Çalışmanın her insanın en temel hakkı olduğunu ifade eden İmamoğlu, insan onuruna yakışan koşularda yaşamanın da bu hakkın parçası olduğunun altını çizdi. Çalışanların, kendi bireysel özgür tercihleriyle, istedikleri sendika çatısı altında haklarını özgürce arayabilmelerinin önemine vurgu yapan İmamoğlu, şunları söyledi:
“Buna hiç kimse mani olamaz. Herkes bilmelidir ki, bu hak, emekçinin kendi bireysel ve özgür hakkı. Bu anlayışa sahip bir yönetim olarak, toplu iş sözleşmelerine başından beri çok hassas davrandık ve özel bir önem verdik. Çünkü toplu iş sözleşmeleri, müzakere ile uzlaşma ile karşılıklı denge ve hassasiyetle çözmenin ifadesidir. Bunu yürütürken de çok hassas davranmak, birbirini dinlemek, anlamak, hissetmek zorunluğu vardır. Çalışma hayatında huzur ve barış, ancak tüm tarafların birbirlerini gözeten, evrensel ilkelere değer veren, sorumlu bir tutum içerisinde olması ile sağlanabilir. Yani, ‘Ben’ değil, ‘Biz’ diyebilmektir. Tarafların kendilerini tek başına haklı görmelerinin, bu tür iletişimde, bu tür istişare ortamlarında haklı görmesini yetmeyeceğini, bu haklılığın toplumsal vicdana da toplumsal ortamın gereklerine de uyması ve karşılık bulması şarttır.”

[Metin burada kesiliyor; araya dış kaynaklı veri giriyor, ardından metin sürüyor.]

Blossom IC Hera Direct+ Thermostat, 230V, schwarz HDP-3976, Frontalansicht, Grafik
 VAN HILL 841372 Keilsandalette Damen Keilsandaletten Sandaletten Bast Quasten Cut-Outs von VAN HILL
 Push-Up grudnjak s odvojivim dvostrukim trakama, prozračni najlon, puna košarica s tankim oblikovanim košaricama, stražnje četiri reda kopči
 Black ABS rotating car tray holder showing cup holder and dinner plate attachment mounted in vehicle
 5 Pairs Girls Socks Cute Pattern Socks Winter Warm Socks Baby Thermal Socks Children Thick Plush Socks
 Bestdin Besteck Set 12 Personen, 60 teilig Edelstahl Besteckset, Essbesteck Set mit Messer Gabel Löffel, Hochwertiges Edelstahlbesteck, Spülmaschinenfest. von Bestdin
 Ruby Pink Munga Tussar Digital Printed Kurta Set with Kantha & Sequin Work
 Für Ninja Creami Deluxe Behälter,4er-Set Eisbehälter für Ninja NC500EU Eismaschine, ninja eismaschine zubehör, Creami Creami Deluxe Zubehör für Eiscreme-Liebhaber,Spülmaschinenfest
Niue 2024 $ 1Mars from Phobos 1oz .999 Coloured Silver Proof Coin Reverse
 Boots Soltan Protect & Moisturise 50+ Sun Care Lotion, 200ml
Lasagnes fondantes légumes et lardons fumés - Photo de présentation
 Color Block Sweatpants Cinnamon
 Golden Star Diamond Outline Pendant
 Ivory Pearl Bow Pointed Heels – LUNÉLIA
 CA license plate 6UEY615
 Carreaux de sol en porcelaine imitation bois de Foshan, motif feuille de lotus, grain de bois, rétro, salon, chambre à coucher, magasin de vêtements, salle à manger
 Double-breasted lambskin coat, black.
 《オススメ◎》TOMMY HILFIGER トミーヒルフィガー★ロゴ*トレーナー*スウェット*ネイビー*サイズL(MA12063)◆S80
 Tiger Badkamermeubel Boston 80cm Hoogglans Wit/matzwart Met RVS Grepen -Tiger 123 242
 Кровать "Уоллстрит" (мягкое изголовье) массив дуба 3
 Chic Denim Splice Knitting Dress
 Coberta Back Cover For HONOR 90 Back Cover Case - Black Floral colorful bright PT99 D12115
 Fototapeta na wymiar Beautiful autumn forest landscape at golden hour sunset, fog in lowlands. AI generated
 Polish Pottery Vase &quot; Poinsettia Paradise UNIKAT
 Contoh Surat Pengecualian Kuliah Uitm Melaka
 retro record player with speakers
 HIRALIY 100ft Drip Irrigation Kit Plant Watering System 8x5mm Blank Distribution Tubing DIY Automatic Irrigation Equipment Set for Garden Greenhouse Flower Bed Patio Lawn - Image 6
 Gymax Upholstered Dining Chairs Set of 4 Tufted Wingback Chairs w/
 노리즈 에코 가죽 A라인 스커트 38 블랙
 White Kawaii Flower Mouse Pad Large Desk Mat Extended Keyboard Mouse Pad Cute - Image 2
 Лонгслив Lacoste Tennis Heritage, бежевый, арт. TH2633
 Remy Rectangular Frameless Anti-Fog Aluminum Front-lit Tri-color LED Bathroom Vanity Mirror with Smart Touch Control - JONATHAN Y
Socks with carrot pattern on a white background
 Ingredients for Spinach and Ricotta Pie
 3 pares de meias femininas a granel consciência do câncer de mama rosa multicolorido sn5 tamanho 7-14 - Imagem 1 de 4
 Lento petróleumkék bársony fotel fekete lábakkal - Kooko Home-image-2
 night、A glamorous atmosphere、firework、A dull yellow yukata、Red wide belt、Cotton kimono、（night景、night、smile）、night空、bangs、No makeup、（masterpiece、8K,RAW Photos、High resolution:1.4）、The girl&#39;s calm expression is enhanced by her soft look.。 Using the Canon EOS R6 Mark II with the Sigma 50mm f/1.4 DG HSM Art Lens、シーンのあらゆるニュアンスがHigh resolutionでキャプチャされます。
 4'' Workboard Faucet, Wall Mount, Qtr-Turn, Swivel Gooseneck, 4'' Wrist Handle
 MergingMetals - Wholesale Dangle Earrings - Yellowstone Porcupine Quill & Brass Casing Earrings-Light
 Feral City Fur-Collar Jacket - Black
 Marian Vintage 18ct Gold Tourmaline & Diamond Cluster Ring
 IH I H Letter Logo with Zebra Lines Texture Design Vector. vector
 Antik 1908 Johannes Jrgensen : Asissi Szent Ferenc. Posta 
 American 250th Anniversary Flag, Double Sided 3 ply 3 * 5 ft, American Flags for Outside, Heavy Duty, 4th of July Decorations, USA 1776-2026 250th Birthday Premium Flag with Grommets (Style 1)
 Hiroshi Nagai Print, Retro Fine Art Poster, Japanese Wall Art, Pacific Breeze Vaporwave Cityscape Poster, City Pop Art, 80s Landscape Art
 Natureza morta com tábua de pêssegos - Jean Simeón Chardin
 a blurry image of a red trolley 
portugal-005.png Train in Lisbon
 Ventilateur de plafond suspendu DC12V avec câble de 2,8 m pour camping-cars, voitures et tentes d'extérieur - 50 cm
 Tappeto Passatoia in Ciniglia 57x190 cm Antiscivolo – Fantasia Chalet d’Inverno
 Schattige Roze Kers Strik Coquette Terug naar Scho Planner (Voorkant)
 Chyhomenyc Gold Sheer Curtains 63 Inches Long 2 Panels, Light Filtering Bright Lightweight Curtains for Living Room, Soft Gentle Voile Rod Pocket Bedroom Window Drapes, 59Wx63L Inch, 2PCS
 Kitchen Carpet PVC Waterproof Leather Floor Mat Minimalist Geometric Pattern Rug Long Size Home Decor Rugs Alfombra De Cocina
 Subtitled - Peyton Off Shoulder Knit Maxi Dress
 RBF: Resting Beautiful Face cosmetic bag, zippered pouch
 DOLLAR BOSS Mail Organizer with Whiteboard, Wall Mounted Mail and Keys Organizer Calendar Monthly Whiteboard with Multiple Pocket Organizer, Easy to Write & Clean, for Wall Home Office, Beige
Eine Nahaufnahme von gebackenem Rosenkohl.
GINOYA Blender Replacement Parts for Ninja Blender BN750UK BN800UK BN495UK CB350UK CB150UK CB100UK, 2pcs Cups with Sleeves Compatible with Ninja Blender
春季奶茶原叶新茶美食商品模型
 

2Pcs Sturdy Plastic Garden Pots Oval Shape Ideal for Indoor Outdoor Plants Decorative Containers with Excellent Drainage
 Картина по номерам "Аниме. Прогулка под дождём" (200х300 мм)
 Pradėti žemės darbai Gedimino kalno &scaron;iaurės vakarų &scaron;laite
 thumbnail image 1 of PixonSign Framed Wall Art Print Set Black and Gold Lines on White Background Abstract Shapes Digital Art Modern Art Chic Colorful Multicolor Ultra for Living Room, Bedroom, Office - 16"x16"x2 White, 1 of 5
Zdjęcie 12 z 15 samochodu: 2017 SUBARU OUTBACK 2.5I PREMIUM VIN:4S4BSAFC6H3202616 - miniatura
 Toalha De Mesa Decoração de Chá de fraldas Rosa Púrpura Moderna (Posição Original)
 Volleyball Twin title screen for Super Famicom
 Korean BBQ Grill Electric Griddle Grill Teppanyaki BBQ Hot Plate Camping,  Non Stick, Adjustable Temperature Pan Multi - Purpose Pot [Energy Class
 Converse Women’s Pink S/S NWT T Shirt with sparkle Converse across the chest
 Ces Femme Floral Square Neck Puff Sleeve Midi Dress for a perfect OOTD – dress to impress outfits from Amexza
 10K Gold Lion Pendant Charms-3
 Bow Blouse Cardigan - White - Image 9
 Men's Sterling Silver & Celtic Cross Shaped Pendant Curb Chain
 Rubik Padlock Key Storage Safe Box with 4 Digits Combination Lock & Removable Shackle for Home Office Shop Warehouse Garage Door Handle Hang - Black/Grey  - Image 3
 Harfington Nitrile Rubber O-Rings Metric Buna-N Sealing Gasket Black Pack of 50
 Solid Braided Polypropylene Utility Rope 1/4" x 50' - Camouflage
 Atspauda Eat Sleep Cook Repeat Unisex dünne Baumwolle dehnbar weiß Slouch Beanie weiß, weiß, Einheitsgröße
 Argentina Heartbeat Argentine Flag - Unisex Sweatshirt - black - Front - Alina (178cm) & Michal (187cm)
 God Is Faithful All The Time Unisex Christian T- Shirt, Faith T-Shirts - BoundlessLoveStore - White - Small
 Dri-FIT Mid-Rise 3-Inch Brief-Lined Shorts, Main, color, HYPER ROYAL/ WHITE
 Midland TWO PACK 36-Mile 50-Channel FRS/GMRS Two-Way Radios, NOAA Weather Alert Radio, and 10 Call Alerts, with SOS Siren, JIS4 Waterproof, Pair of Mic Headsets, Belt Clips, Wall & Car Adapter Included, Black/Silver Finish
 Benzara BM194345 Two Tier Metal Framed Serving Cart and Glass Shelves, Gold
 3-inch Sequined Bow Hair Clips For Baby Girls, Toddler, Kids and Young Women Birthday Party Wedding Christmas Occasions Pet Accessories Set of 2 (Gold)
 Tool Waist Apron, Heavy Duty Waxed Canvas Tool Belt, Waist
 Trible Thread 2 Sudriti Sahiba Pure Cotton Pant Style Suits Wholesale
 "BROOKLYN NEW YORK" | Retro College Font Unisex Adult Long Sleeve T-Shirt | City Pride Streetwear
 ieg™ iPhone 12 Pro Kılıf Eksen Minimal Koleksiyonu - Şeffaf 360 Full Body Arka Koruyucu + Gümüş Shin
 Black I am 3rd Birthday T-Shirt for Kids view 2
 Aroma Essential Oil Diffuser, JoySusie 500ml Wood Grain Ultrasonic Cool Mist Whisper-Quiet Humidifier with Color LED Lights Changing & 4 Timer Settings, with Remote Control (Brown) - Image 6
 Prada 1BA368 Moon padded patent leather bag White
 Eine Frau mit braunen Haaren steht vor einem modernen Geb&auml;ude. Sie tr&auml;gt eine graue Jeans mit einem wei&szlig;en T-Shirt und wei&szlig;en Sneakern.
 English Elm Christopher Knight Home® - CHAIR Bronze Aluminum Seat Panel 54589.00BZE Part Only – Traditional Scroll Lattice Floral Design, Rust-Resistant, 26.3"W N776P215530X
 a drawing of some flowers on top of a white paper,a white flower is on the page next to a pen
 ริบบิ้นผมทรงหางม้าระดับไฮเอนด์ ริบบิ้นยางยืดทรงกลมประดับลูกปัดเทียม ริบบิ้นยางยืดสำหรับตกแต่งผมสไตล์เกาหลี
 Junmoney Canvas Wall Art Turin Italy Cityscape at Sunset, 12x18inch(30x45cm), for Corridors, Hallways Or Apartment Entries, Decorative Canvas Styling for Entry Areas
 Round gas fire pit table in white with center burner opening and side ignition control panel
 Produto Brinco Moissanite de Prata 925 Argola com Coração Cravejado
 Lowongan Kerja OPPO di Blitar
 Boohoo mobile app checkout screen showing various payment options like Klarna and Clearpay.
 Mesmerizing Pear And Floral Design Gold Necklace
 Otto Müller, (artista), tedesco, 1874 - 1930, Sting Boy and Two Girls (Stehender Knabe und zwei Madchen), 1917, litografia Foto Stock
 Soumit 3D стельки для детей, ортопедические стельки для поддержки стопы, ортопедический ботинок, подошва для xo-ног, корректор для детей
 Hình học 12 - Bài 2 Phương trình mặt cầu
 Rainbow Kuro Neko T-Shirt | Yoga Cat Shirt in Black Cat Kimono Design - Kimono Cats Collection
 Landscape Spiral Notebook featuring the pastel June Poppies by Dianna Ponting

Sahip olduğumuz hakkın gücü ve etkisi büyüdükçe, inanın ki yüklediği sorumluluk da boyutu da bir o kadar artar” diyen İmamoğlu, “Belediyecilik gibi, gerçekten insanların günlük yaşamlarını doğrudan ilgilendiren konularda hizmet üretiyorsak sorumluluğumuzun çok daha fazla olduğunu bilmeliyiz. Çok ağırdır bu sorumluluk. Çünkü unutmayalım ki sadece 16 milyon İstanbullu değil, etkin nüfusuyla aslında 20 milyonluk topluma hizmet eden bir alanda iş gücüsünüz” ifadelerini kullandı.
Toplu iş sözleşmelerini, yalnızca tarafların birbirine verdikleri yalın söz olarak da görmediğini kaydeden İmamoğlu, “Bu aynı zamanda hepimizin, sendikaların, Büyükşehir Belediyemizin hep birlikte İstanbul’a, yani 20 milyon insana verilmiş bir sözün ifadesi olarak da görüyorum. Yükü, ağırlığı işte bu kadar mühimdir” diye konuştu. Pandemiden dolayı coşkulu bir kutlama gerçekleştiremediklerini belirten İmamoğlu, “Ama 20 milyon insan bilsin ki, on binlerce çalışanımızın bu coşkusunu hissetsinler. Bu coşku, onların ruhuna gitsin” dedi.
Tören öncesinde konuşan sendika temsilcileri ise İmamoğlu’na teşekkür etti. Hak-İş Genel Başkanı Arslan, “Sayın Başkan ile birlikte toplu sözleşme sürecinde görev alan İstanbul Büyükşehir Belediye’mizi temsilen, masada bizimle müzakere yapan ekibinizi de kutlamak istiyorum. Gerçekten profesyonelce, meselelerine çok vakıf, işçi-işveren ilişkilerinde sosyal diyalog mekanizmalarını açıp ve bu konuda başarılı bir süreci yürüttükleri için onları kutlamak istiyorum. Çünkü zor bir süreçti” dedi.